On Wed, Jun 5, 2019 at 5:19 PM George Hung <[email protected]> wrote:
>
> Add device tree documentation for Nuvoton BMC ECC
>
> Signed-off-by: George Hung <[email protected]>

Reviewed-by: Avi Fishman <[email protected]>

> ---
> .../bindings/edac/npcm7xx-sdram-edac.txt | 17 +++++++++++++++++
> 1 file changed, 17 insertions(+)
> create mode 100644 Documentation/devicetree/bindings/edac/npcm7xx-sdram-edac.txt
>
> diff --git a/Documentation/devicetree/bindings/edac/npcm7xx-sdram-edac.txt b/Documentation/devicetree/bindings/edac/npcm7xx-sdram-edac.txt
> new file mode 100644
> index 000000000000..dd4dac59a5bd
> --- /dev/null
> +++ b/Documentation/devicetree/bindings/edac/npcm7xx-sdram-edac.txt
> @@ -0,0 +1,17 @@
> +Nuvoton NPCM7xx SoC EDAC device driver
> +
> +The Nuvoton NPCM7xx SoC supports DDR4 memory with/without ECC and the driver
> +uses the EDAC framework to implement the ECC detection and corrtection.
> +
> +Required properties:
> +- compatible: should be "nuvoton,npcm7xx-sdram-edac"
> +- reg: Memory controller register set should be <0xf0824000 0x1000>
> +- interrupts: should be MC interrupt #25
> +
> +Example:
> +
> + mc: memory-controller@f0824000 {
> + compatible = "nuvoton,npcm7xx-sdram-edac";
> + reg = <0xf0824000 0x1000>;
> + interrupts = <0 25 4>;
> + };
> --
> 2.21.0
>


--
Regards,
Avi

2019-06-06 15:45:05

by James Morse

[permalink] [raw]
Subject: Re: [PATCH 5.2 v2 1/2] edac: npcm: Add Nuvoton NPCM7xx EDAC driver

Hi George,

On 05/06/2019 15:12, George Hung wrote:
> Add support for the Nuvoton NPCM7xx SoC EDAC driver

Could you say something about what the NPCM7xx SoC is, and what errors its memory
controller can detect?

The commit message is for describing what/why this code was added.

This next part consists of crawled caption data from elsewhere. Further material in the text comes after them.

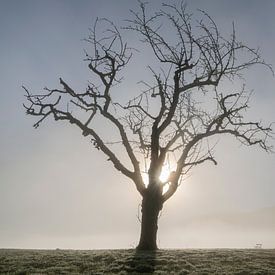 Im Morgennebel von Anselm Ziegler Photography
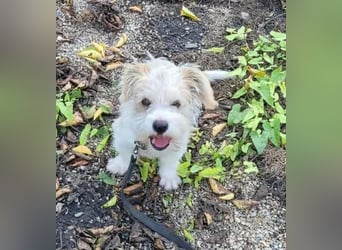 PomPom - Gefunden auf der Straße Rumäniens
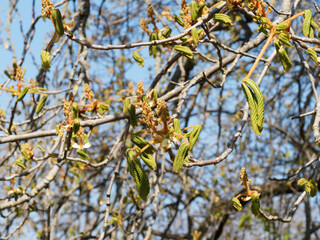(Aesculus hippocastanum) Die Gewöhnliche oder Weiße Rosskastanie. Austrieb von Blatt und Blüte im Frühling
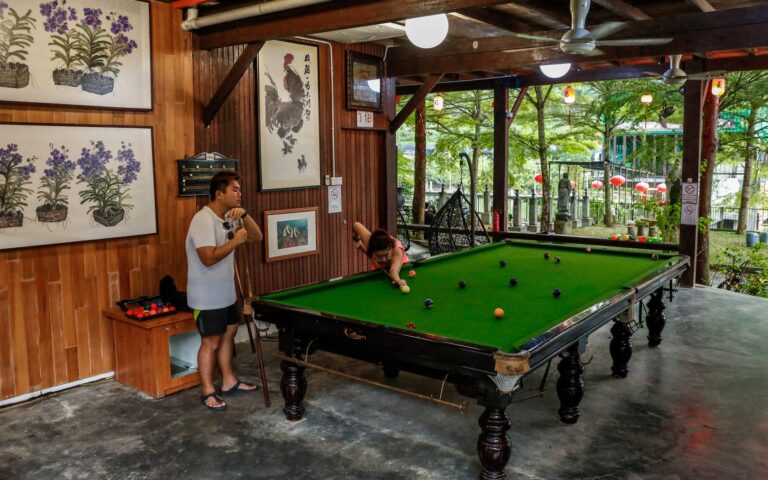 Snooker table, Mahjong, Chess, card games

Is this Cadence DDR Manual available anywhere?


> NPCM7xx ECC datasheet from nuvoton.israel-Poleg:
> "Cadence DDR Controller User’s Manual For DDR3 & DDR4 Memories"
>
> Tested: Forcing an ECC error event
>
> Write a value to the xor_check_bits parameter that will trigger
> an ECC event once that word is read
>
> For example, to force a single-bit correctable error on bit 0 of
> the user-word space shown, write 0x75 into that byte of the
> xor_check_bits parameter and then assert fwc (force write check)
> bit to 'b1' (mem base: 0xf0824000, xor_check_bits reg addr: 0x178)
>
> $ devmem 0xf0824178 32 0x7501
>
> To force a double-bit un-correctable error for the user-word space,
> write 0x03 into that byte of the xor_check_bits parameter
>
> $ devmem 0xf0824178 32 0x301

This is great to know, but it doesn't belong in the commit message. Please move it to the
cover letter ... Please add a cover letter to any series with multiple patches!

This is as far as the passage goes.